(MENAFNEditorial) CALGARY, Alberta, May 11, 2018 (GLOBE NEWSWIRE) -- Questerre energy Corporation ('Questerre' or the 'Company') (TSX: QEC ) (OSE: QEC ) reported today on its financial and operating results for the first quarter ended March 31, 2018.
Michael Binnion, President and Chief Executive Officer of Questerre, commented, 'Our production and cash flow growth this quarter was primarily driven by the increased investment in Kakwa. Production from the joint venture acreage almost doubled from the first quarter of 2017. With additional drilling scheduled for later this summer at Kakwa, we could see production dip in the next few quarters before a further increase by year-end.'
He added, 'Through a recent partnership with an experienced Montney operator, we plan to develop our immediately offsetting acreage. We are looking forward to the results from the first well given the strong condensate rates and low acid gas from our adjacent producing wells.'
Highlights
- Average daily production over 2,000 boe/d for the quarter
- Adjusted funds flow from operations more than doubled to $4.7 million
- Questerre partners with experienced operator to develop Kakwa North acreage
- Questerre commissions integration study for Jordan oil shale project
Commenting on Quebec, he noted, 'We were encouraged by comments this May from the Minister of Environment noting that the Minister of Energy and Natural Resources will soon be tabling regulations for hydrocarbons. Once finalized, we will be meeting with the municipalities to secure the local acceptability we need. We are confident there is interest in our clean gas pilot and its environmental and economic benefits.' Updating developments on its project in Jordan, he further added, 'During the quarter, we engaged Hatch Ltd., a global engineering firm, to review the engineering and economics for our oil shale project in Jordan. The initial project will target production of approximately 50,000 bbls/d and will include the costs to upgrade the produced oil to diesel and gasoline. Once this study is completed, we plan to commission a more detailed pre-FEED study as we commence negotiations for a concession agreement.'
As a result of the increased capital investment in Kakwa last year, the Company reported higher production volumes over prior periods. Production averaged 2,013 boe/d for the quarter compared to 1,123 boe/d for the same period last year with Kakwa accounting for over three quarters of production during both periods. Gross revenue more than doubled to $9.54 million with higher production volumes benefitting from higher oil prices in the period. The higher revenue contributed to adjusted funds flow from operations of $4.65 million for the period compared to $1.41 million last year. The Company reported net income of $0.06 million for the current quarter compared to a loss of $0.52 million for the first quarter last year.
Capital investment for the quarter focused almost exclusively on Kakwa and totaled $8.66 million (2017: $5.32 million).
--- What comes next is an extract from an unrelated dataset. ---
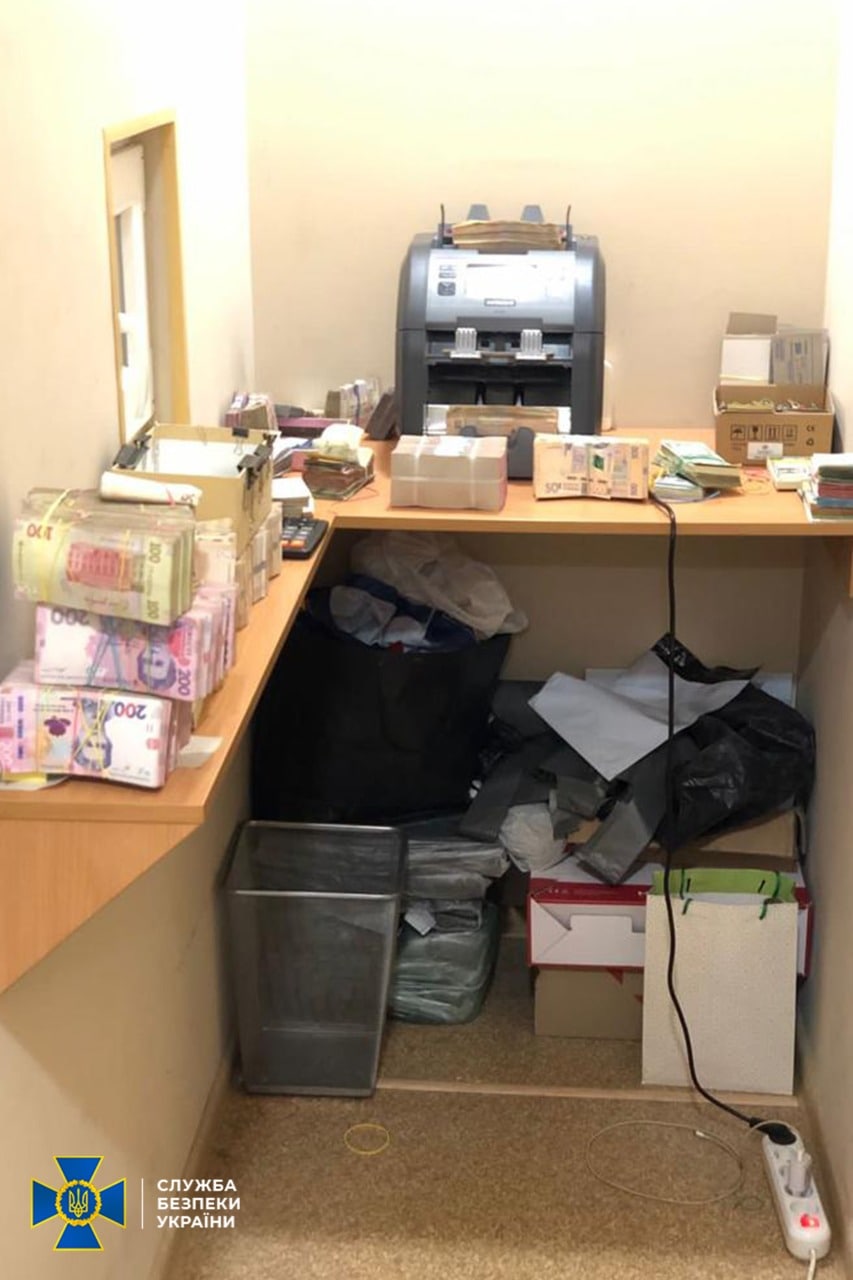 Мешканці Київщини налагодили механізм відправки коштів із заборонених систем РФ.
The Company anticipates incremental investment at Kakwa in 2018 could be up to $21 million and include six (1.5 net) wells subject to the operator's final plans and continued results.
The term "adjusted funds flow from operations" is a non-IFRS measure. Please see the reconciliation elsewhere in this press release.
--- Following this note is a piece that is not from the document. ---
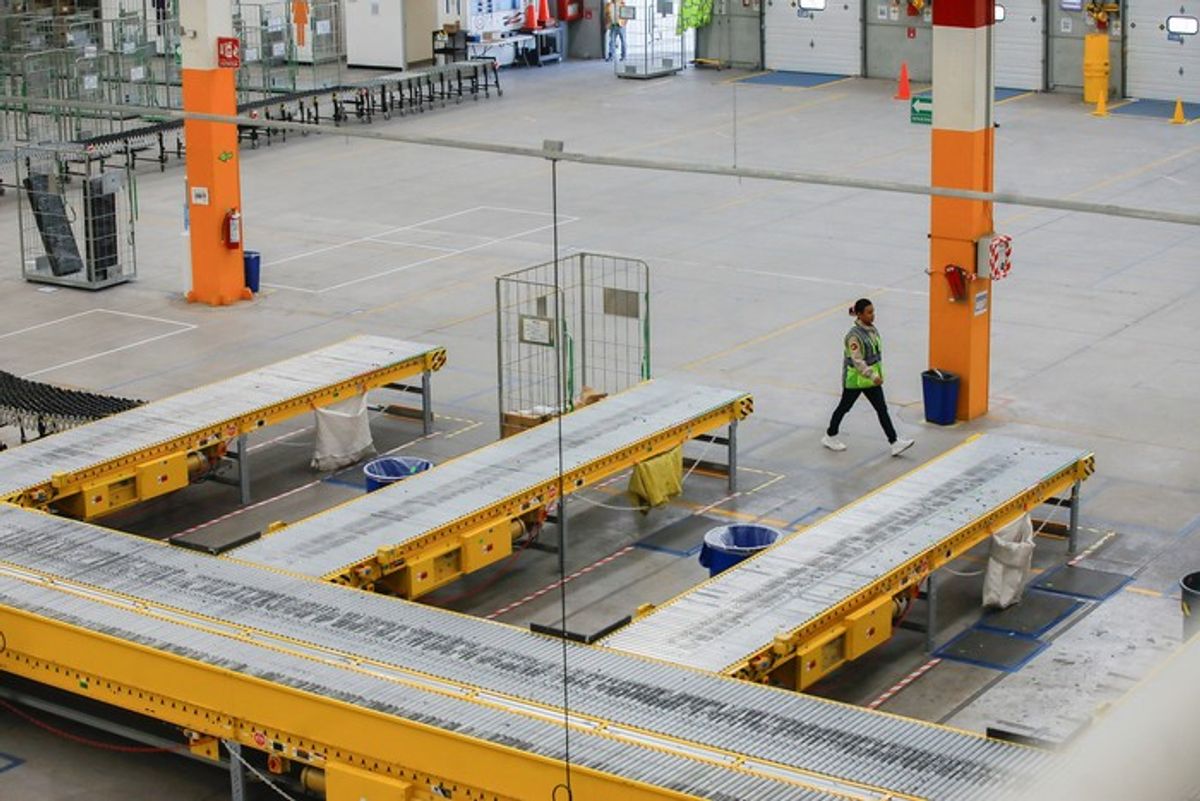 Karyawan Amazon Meninggal Dunia di Gudang Troutdale Oregon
Questerre Energy Corporation is leveraging its expertise gained through early exposure to shale and other non-conventional reservoirs. The Company has base production and reserves in the tight oil Bakken/Torquay of southeast Saskatchewan. It is bringing on production from its lands in the heart of the high-liquids Montney shale fairway. It is a leader on social license to operate issues for its Utica shale gas discovery in the St. Lawrence Lowlands, Quebec. It is pursuing oil shale projects with the aim of commercially developing these massive resources.
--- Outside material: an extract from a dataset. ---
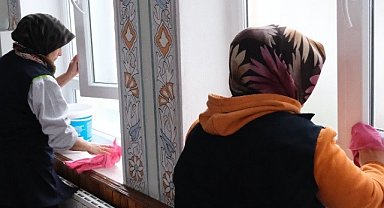 Tavşanlı'da camilerde temizlik çalışmaları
Questerre is a believer that the future success of the oil and gas industry depends on a balance of economics, environment and society. We are committed to being transparent and are respectful that the public must be part of making the important choices for our energy future.
Advisory Regarding Forward-Looking Statements
This news release contains certain statements which constitute forward-looking statements or information ('forward-looking statements') including the expectation that additional drilling will be scheduled at Kakwa this summer, the expectations for a further increase in production by year-end, the Company's plans to develop its offsetting acreage at Kakwa through its partnership with an experienced Montney operator, the expectation that the first well could spud by June, the expectation that the final oil and gas regulations in Quebec will be issued soon, the Company's plan to meet with municipalities in Quebec to secure the local acceptability needed, the Company's belief that there is interest in its clean gas pilot by the municipalities in Quebec, the Company's plans to commission a more detailed pre-FEED study for its oil shale project in Jordan, its plans to commence negotiations for a concession agreement, and its plans for additional capital spending at Kakwa. Although Questerre believes that the expectations reflected in our forward-looking statements are reasonable, our forward-looking statements have been based on factors and assumptions concerning future events which may prove to be inaccurate. Those factors and assumptions are based upon currently available information available to Questerre. Such statements are subject to known and unknown risks, uncertainties and other factors that could influence actual results or events and cause actual results or events to differ materially from those stated, anticipated or implied in the forward-looking statements. As such, readers are cautioned not to place undue reliance on the forward-looking information, as no assurance can be provided as to future results, levels of activity or achievements. The risks, uncertainties, material assumptions and other factors that could affect actual results are discussed in our Annual Information Form and other documents available at www.sedar.com. Furthermore, the forward-looking statements contained in this document are made as of the date of this document and, except as required by applicable law, Questerre does not undertake any obligation to publicly update or to revise any of the included forward-looking statements, whether as a result of new information, future events or otherwise. The forward-looking statements contained in this document are expressly qualified by this cautionary statement.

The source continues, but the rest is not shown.